The researchers speculated that on meeting days with a high PM2.5 level (particulate matter 2.5 microns in diameter), environmental conditions could affect committee members—and their judgment—in one of two ways. First, their cognitive capacity could be overly taxed. And if they’re not thinking clearly, lax regulatory oversight on polluted days would lead to more low-quality firms successfully listing their stocks. Alternatively, hazy days could put members in a foul mood and prompt them to more readily reject IPO applications, leading to more high-quality firms getting rejected.

The researchers decided to test whether either of these theories held up. They built a sample of 1,488 IPO applications filed with the CSRC between 2014 and 2020. Then they identified which were approved or not and cross-referenced them to the names of the committee members who reviewed the applications. Next, they obtained the transcripts of the review sessions, paying particular attention to the questions raised by the committee members. And finally, for environmental conditions, they gathered location- and time-specific air quality data from the monitoring station closest to the CSRC offices. 

When they crunched and analyzed all that data, the results pointed in a fairly clear direction: on hazy days in Beijing, CSRC committee members showed uncharacteristically poor judgment when reviewing IPO applications.

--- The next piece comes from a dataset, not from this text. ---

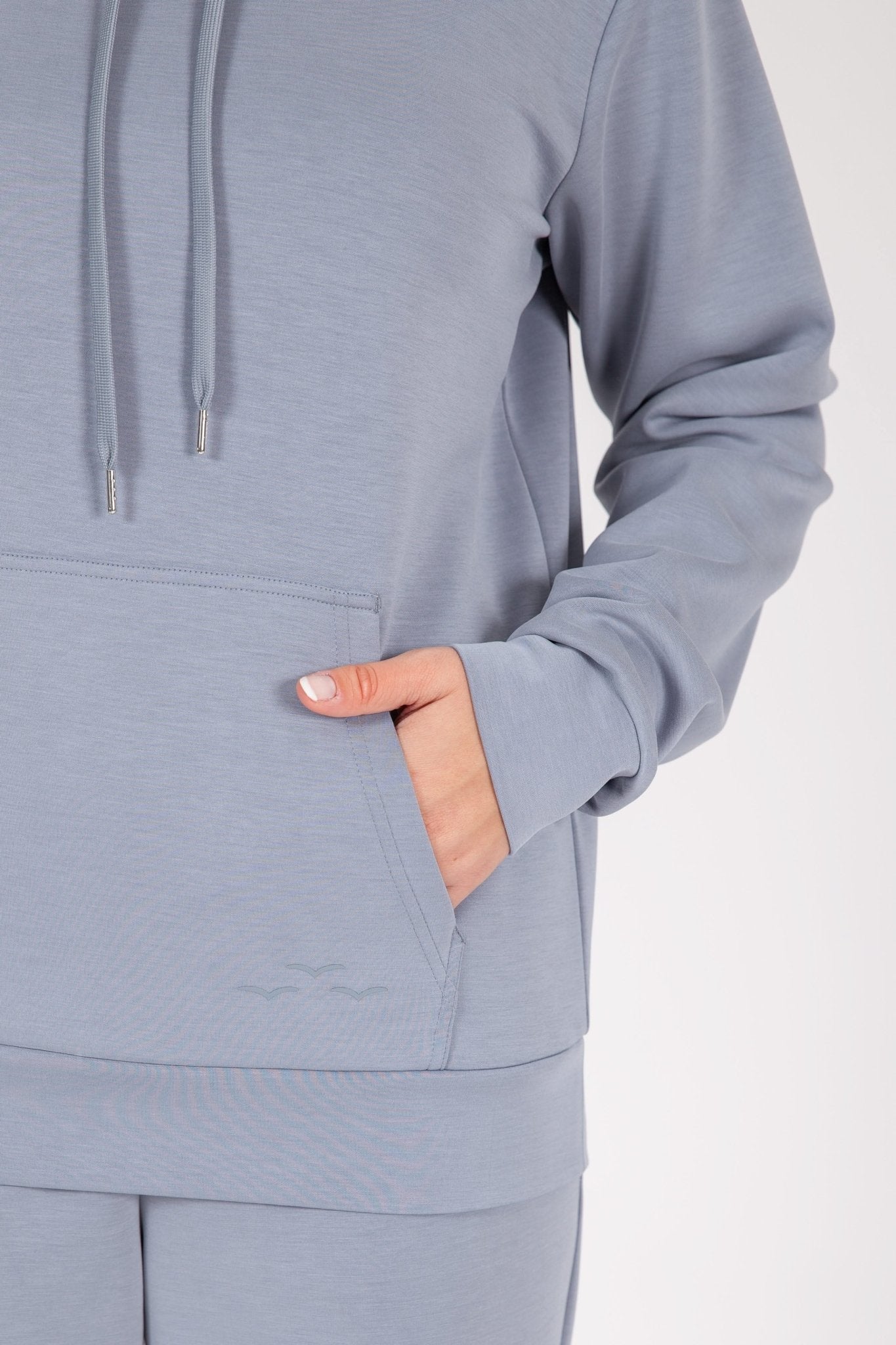 Luxe sueded double knit hoodie in dusty blue - Lazypants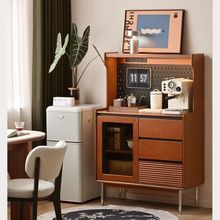 新款实木餐边柜小户型餐厅中古置物柜家用原木收纳柜复古橱柜加厚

The researchers discovered that the IPO passing rate on polluted days in Beijing (days with high PM2.5 levels) was five percentage points higher than on clear days, and 12 percentage points higher on very hazy days. As one would expect, IPOs from firms in green-related industries were more likely to be approved on polluted days. But the significant implication is that plenty of firms were approved that clearly were not ready for prime time on the stock market.

Real-world evidence proved as much. The researchers found that, compared to IPOs approved on clear days, IPOs approved on polluted days had lower profitability and return on equity and worse stock returns within one year of listing.

“Our back-of-the-envelope calculation,” says Wang, “suggests that the total investor loss as a result of lax oversight by the review committee amounts to close to 28 billion renminbi (US$4 billion) between 2014 and 2020.”

The dumbing down effect

Still unconvinced there’s a connection between transitory air pollution and unfit IPOs being approved by regulators? Wang offers further evidence for how the challenging conditions taxed the cognitive reserves of CSRC committee members. 

The researchers used natural language processing to analyze the transcripts of the discussions between regulators and representatives of firms seeking IPO approval. They categorized questions posed by the regulators into two groups: complex questions that required reviewers to think deeply about the quality of the application; and intuitive questions that didn’t require much analysis.

They found that, on hazy days, the reviewers asked fewer, shorter and less complex questions, and they were less likely to ask followup questions. The effect was more pronounced when the review committee was made up of older members and non-residents of Beijing (those presumably less tolerant of air pollution). The only ones who seemed less likely to give prospective IPOs a pass were those members up for re-election to the committee.

“The evidence reflects the deterioration of reviewers both physically and mentally,” says Wang, “as followup questions rely more on improvisation than on preparation.”

Given the findings of this study, there appear to be simple workarounds if regulators care to implement them. In financial centres with recurring air pollution—Beijing being Exhibit A—government offices can be outfitted with air purifiers. Failing that, meetings scheduled on hazy, smoggy days can be postponed or moved to safer locations. 

The larger and more intriguing issue to consider—particularly in this age of finance-by-algorithm—is what we still don’t know about the finance decision-making process. There are many more subtle factors shaping that process than we may think.

Humility in this industry is in short supply. Perhaps that should change.